En février 2002, des guérilleros des Farc avait enlevé Silvio Vasquez Villanueva, candidat à la Chambre des représentants du département de Huila (centre), sur une route entre la localité de Suaza et celle de Florencia, dans le département voisin de Caqueta.

Les enlèvements de personnalités politiques étaient alors fréquents dans cette région.
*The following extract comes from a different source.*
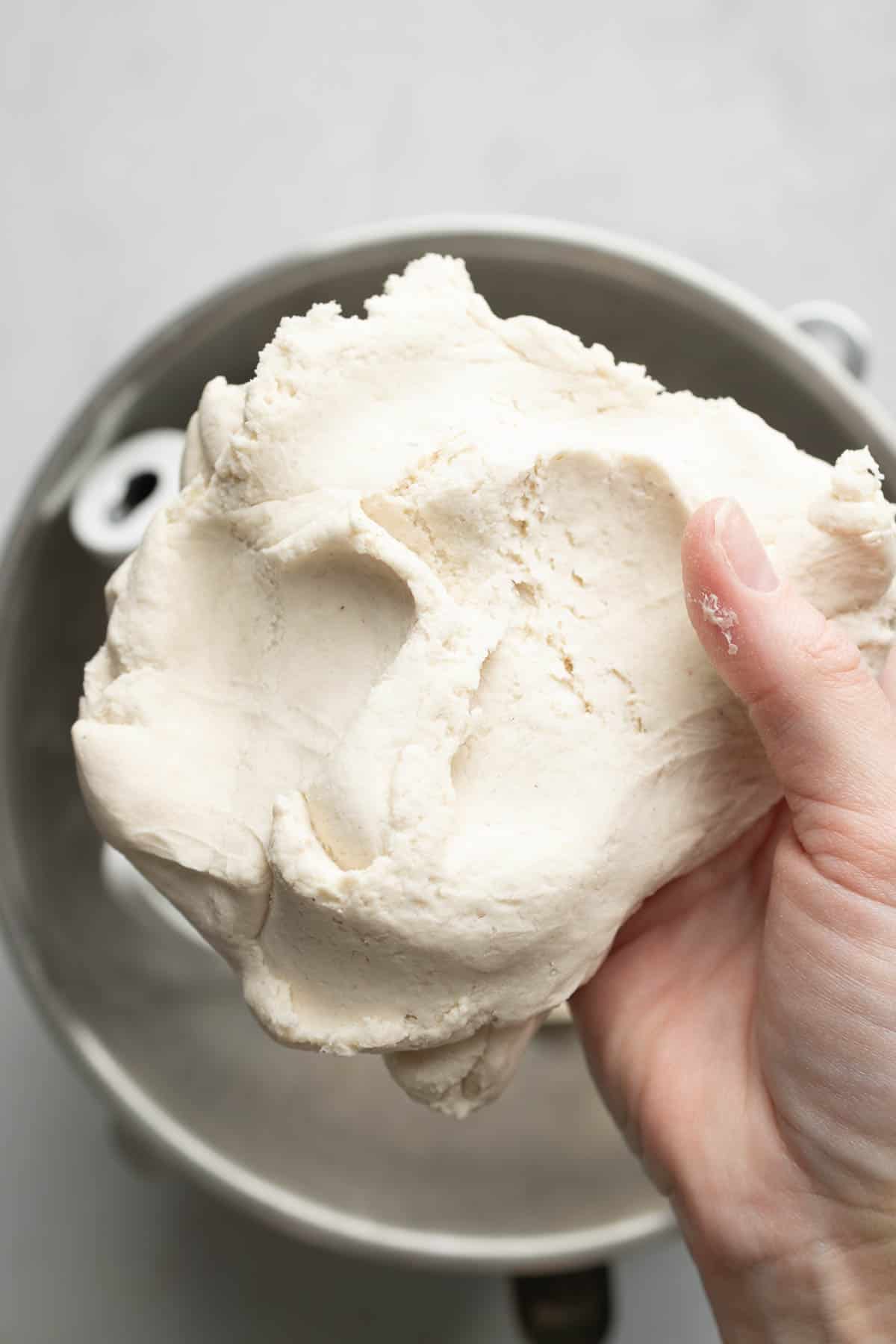 A close-up of a hand holding a smooth, elastic ball of gluten-free bagel dough above a mixing bowl, showing its texture and consistency.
Au total 30.653 personnes en ont été victimes durant le conflit armé qui déchire la Colombie depuis plus de 50 ans, selon le registre de l'Unité national des victimes.

Au titre du "préjudice moral de la victime et de ses proches", le Conseil d'Etat a octroyé plus de 1,3 million de pesos (environ 390.000 dollars) de dommages et intérêts à M. Vasquez Villanueva en raison du "traitement inhumain qu'il a subi pendant ses 18 mois de captivité".

Le tribunal a en outre estimé que "la responsabilité administrative et patrimoniale" de cet enlèvement relevait de l'Etat et de l'armée. "Dans ce dossier, l'enlèvement a eu lieu suite à une conjonction d'actions contre la population civile, qui se sont déroulées du fait de l'absence, de la faiblesse ou de la déficience de l'Etat", a-t-il souligné.

Le gouvernement de M. Santos et les Farc -principale guérilla de Colombie avec 7.000 combattants- sont en pourparlers de paix depuis novembre 2012. En septembre dernier, ils se sont engagés à signer un accord de paix définitif avant le 23 mars.

Dans une interview à l'hebdomadaire Semana dimanche dernier, le chef des Farc, Timoleon Jimenez, dit "Timochenko", a déclaré que la guérilla avait décidé "de suspendre" ce type d'action en raison de son "coût politique très grave, mais aussi parce que c'était un acte inhumain".

La guerre interne colombienne a vu s'affronter guérillas d'extrême gauche, paramilitaires d'extrême droite et forces armées, faisant au moins 220.000 morts et plus de six millions de déplacés, selon des chiffres officiels.